(PROBLEM DESCRIPTION): Copy out exactly the lines beginning with the one that contains "Sandalias con lazo" and ending at the last line of the listing, skipping any pictures.

(INFORMATION SUPPLIED):
┄┄┄┄┄┄┄┄┄┄

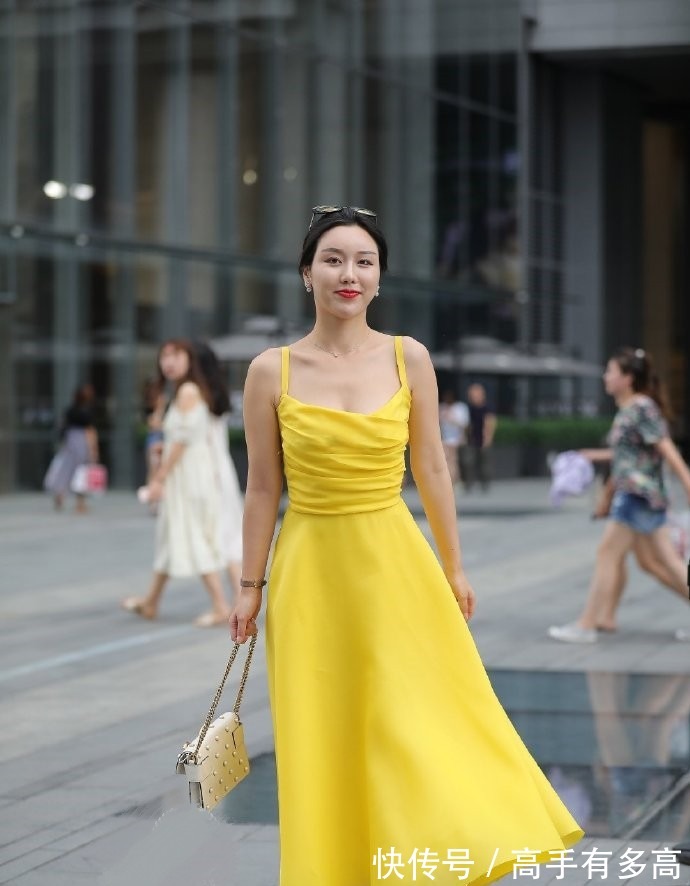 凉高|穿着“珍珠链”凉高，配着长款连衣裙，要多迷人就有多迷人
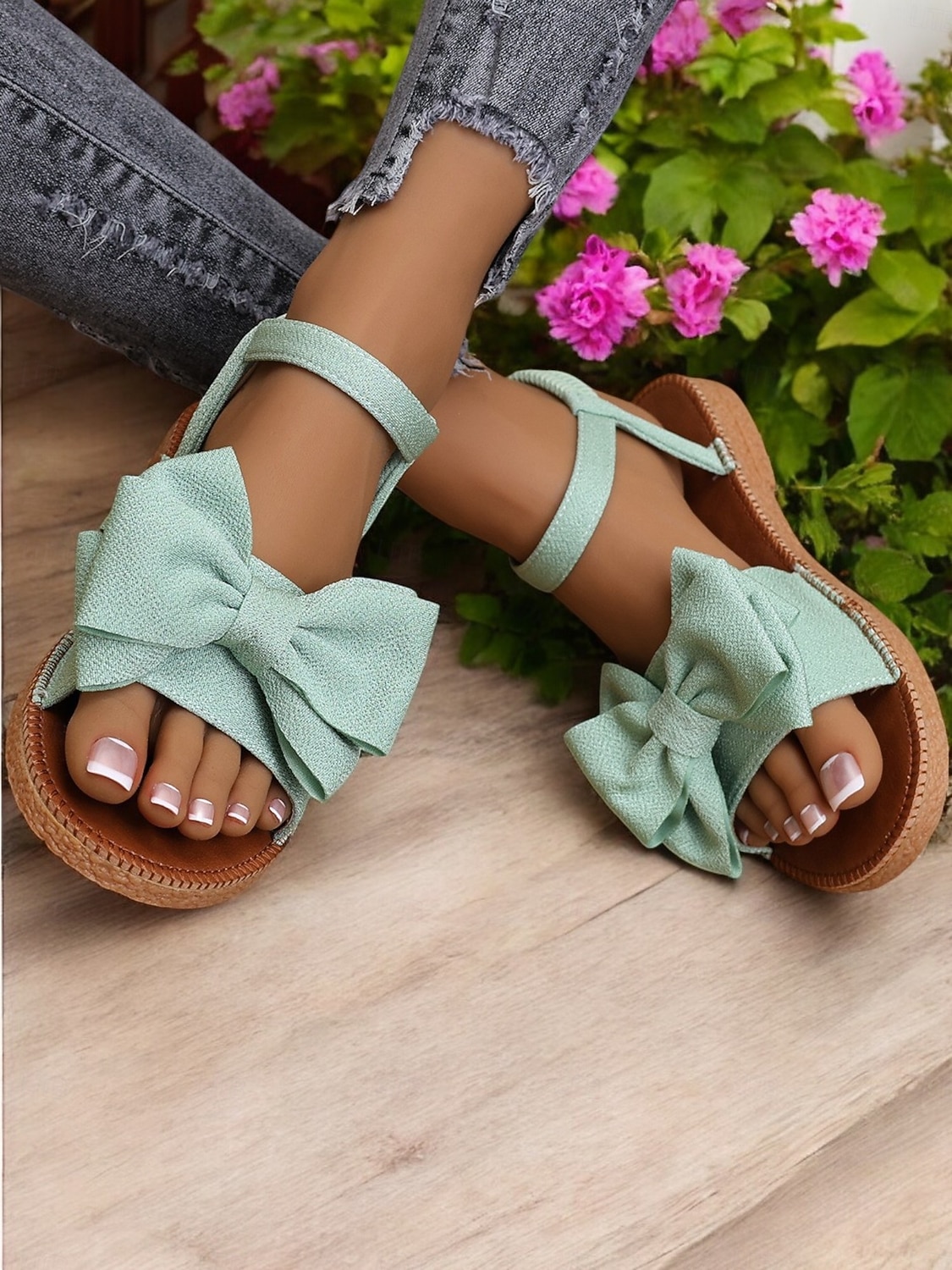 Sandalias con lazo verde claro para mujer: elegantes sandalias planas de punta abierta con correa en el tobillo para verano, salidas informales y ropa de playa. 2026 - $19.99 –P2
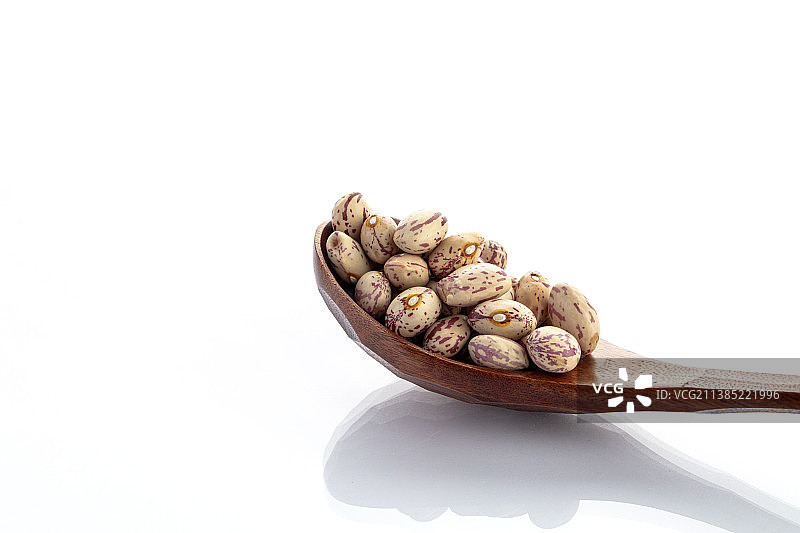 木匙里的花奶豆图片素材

┄┄┄┄┄┄┄┄┄┄

(EXERCISE OUTPUT):
 Sandalias con lazo verde claro para mujer: elegantes sandalias planas de punta abierta con correa en el tobillo para verano, salidas informales y ropa de playa. 2026 - $19.99 –P2
 木匙里的花奶豆图片素材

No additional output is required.